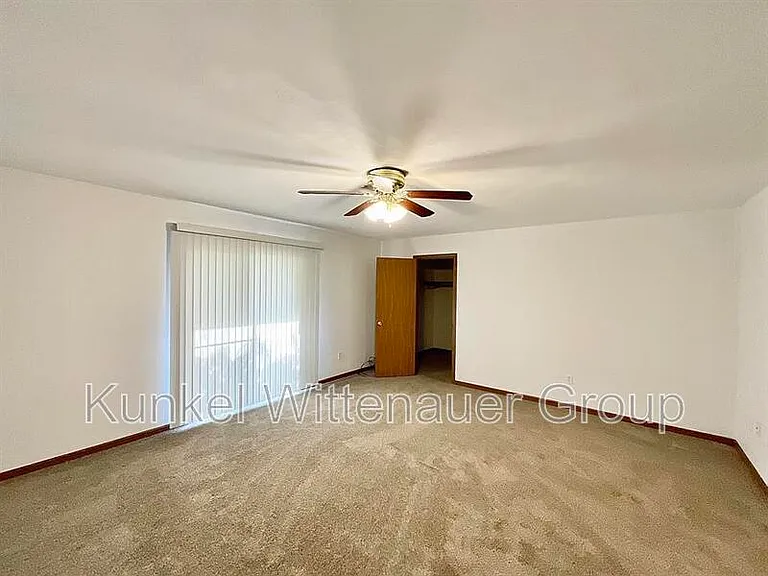 156 Marion Dr — Photo 10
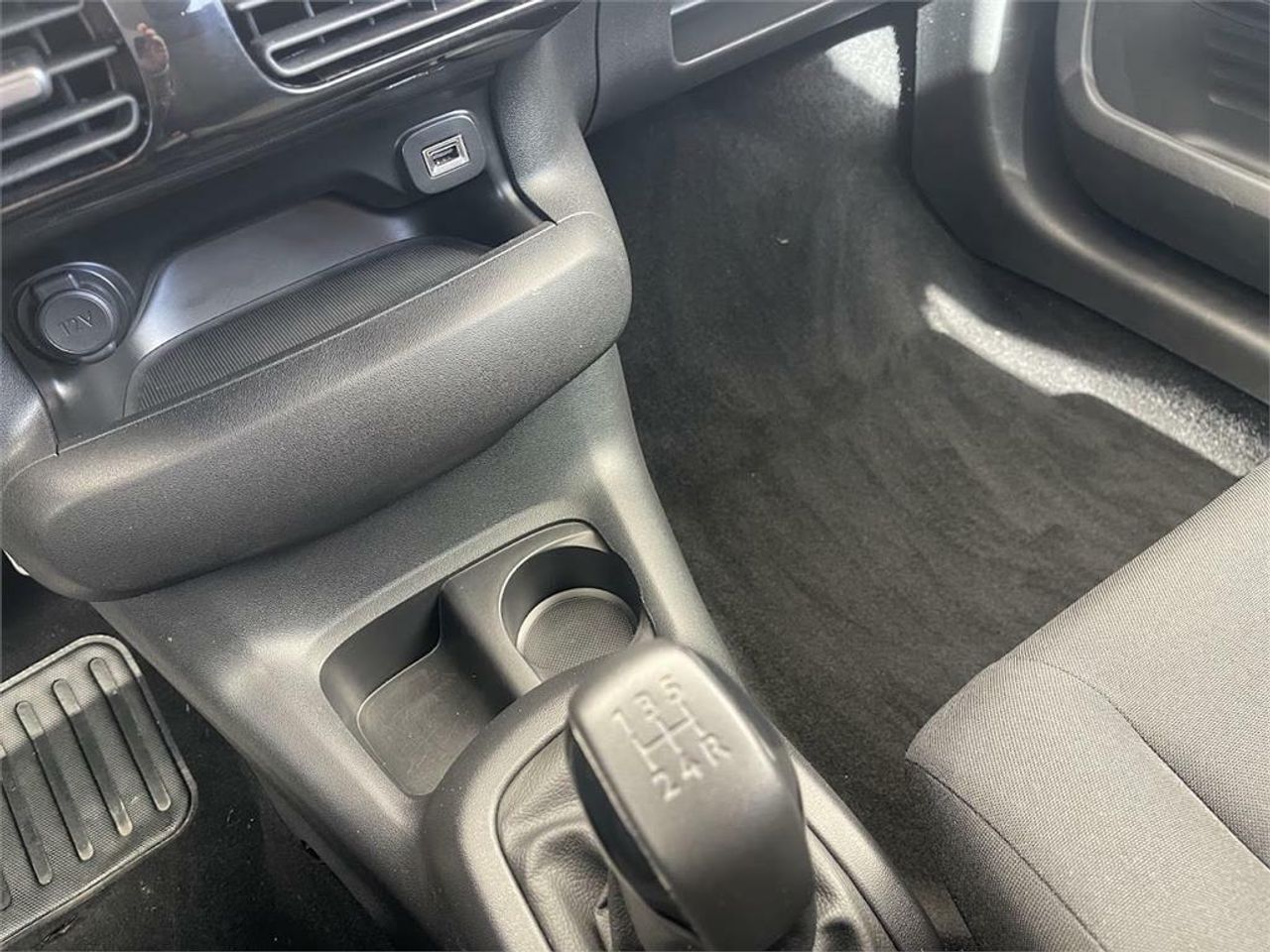 Citroën C4 Cactus BlueHDi 73KW (100CV) Shine - Foto 2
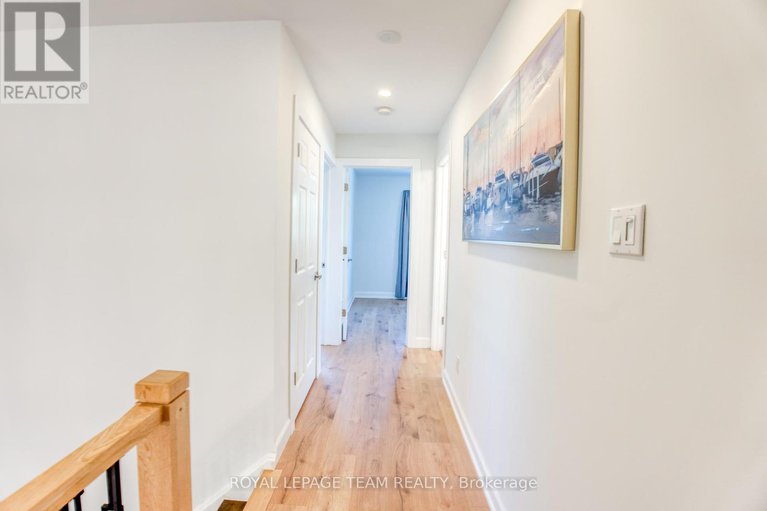 28847948/21-equestrian-drive/bridlewood/ottawa/ontario/K2M1B8_23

* What to work on *
Without the pictures, retype the whole of the material above exactly.

* Answer space *
 156 Marion Dr — Photo 10
 Citroën C4 Cactus BlueHDi 73KW (100CV) Shine - Foto 2
 28847948/21-equestrian-drive/bridlewood/ottawa/ontario/K2M1B8_23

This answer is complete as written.